Work order:
Your reply should be made up of every line in the records below that holds the string "show".

Items listed in a dataset:
____

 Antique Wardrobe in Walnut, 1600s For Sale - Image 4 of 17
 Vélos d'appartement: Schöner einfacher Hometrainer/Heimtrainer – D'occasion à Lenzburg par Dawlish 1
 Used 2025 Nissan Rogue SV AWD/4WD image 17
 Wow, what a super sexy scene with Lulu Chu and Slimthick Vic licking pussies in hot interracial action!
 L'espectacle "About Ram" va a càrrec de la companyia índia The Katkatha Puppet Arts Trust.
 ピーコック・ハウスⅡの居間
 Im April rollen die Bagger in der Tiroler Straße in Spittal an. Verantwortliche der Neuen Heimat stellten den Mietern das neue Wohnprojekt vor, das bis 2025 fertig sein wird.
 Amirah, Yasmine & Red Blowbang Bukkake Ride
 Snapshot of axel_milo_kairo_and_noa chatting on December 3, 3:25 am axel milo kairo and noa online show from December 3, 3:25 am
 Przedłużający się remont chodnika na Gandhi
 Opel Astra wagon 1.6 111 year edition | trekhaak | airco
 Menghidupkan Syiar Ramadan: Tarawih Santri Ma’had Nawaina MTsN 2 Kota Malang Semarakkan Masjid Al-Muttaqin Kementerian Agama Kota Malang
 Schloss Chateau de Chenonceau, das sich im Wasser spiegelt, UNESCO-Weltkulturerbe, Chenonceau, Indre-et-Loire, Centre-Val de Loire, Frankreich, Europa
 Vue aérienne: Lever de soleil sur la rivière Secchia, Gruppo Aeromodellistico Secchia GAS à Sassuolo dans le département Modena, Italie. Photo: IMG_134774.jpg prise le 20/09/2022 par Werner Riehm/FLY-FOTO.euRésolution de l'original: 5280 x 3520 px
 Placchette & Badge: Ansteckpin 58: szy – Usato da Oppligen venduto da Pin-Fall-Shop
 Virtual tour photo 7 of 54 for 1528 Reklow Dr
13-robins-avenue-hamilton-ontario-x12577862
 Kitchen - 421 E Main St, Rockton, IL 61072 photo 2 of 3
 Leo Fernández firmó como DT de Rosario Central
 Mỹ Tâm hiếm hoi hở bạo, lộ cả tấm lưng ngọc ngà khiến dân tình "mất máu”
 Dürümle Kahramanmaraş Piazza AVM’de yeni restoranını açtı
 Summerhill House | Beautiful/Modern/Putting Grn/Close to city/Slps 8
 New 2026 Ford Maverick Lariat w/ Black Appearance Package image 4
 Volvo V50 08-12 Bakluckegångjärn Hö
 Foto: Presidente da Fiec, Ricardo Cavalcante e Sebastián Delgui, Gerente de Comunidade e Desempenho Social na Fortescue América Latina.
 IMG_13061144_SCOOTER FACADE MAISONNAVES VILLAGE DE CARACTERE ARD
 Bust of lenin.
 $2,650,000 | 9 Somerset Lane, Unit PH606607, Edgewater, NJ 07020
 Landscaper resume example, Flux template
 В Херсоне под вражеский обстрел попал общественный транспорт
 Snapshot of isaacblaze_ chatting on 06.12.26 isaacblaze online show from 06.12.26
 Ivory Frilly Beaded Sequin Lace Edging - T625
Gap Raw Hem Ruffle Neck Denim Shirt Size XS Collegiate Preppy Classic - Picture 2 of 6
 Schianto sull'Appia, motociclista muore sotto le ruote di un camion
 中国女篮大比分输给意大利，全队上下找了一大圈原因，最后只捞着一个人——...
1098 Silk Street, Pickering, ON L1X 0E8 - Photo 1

____

Answer for this exercise:
 Snapshot of axel_milo_kairo_and_noa chatting on December 3, 3:25 am axel milo kairo and noa online show from December 3, 3:25 am
 Snapshot of isaacblaze_ chatting on 06.12.26 isaacblaze online show from 06.12.26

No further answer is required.